Когда же Бердинацци сказал ей о признании Фаусту и о том, что был бы рад такому союзу, она изобразила смущение:

— Дядя, мне надо не о женихах думать, а о том, как заслужить ваше уважение. Я должна много работать, чтобы стать вашей надежной помощницей.

Жеремиас растрогался, но все же спросил, нравится ли ей хоть немного Фаусту.

— Я присмотрюсь к нему, — скромно поджав губы, промолвила Рафаэла.

За день до своего внезапного увольнения Олегариу просматривал поступившую корреспонденцию, и его внимание привлек отчет сыскного агентства. Это был ответ на давний запрос Жеремиаса, разыскивавшего свою племянницу Мариету.

В письме говорилось, что дочь Джакомо Бердинацци, спасшаяся во время автокатастрофы, в больнице получила другое имя — Луана и под этим именем, вероятно, проживает до сих пор.

Олегариу разволновался. Чутье подсказывало ему, что с помощью полученной информации можно будет уличить самозванку во лжи. Надо будет ее невзначай окликнуть ее Луаной и посмотреть, как она отреагирует. А уж потом показать письмо Жеремиасу.

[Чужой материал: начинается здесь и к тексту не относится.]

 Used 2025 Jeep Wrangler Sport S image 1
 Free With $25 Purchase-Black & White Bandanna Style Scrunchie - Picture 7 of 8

Но осуществить свой план Олегариу не успел, так как сам оказался в опале и был изгнан Жеремиасом. Письмо же осталось при нем, и он навел дополнительные справки о той больнице, в которой лечилась дочка Джакомо.

Теперь надо было лишь поехать туда, отыскать врачей, которые могли бы сказать, как выглядела настоящая Мариета, и, возможно, почерпнуть какие-то другие сведения.

Олегариу уже купил билет до штата Парана, но тут бывшие коллеги донесли ему, что Фаусту, увивается за Мариетой, а Жеремиас этому явно способствует.

«Хорошо, что я не показал им то письмо! — подумал Олегариу. — Фаусту, похоже, все равно, фальшивая Мариета или подлинная. Возможно первый вариант для него даже предпочтительнее: в этом случае аферистку можно склонить к замужеству с помощью шантажа.»

Размышляя таким образом, Олегариу припомнил, что примерно за месяц до появление Мариеты Фаусту вдруг с поразительной настойчивостью стал убеждать хозяина прекратить поиски племянницы, считая их безнадежными. Действовал он конечно же из корыстных побуждений, но Олегариу полагал, что адвокат печется лишь о той доле наследства, которая перепала бы ему от Жеремиаса, так же как и прочим служащим.

Теперь же Олегариу пришло на ум, сто Фаусту уже тогда замахивался на все состояние патрона и попросту готовил почву для своей сообщницы, которая затем представилась Мариетой.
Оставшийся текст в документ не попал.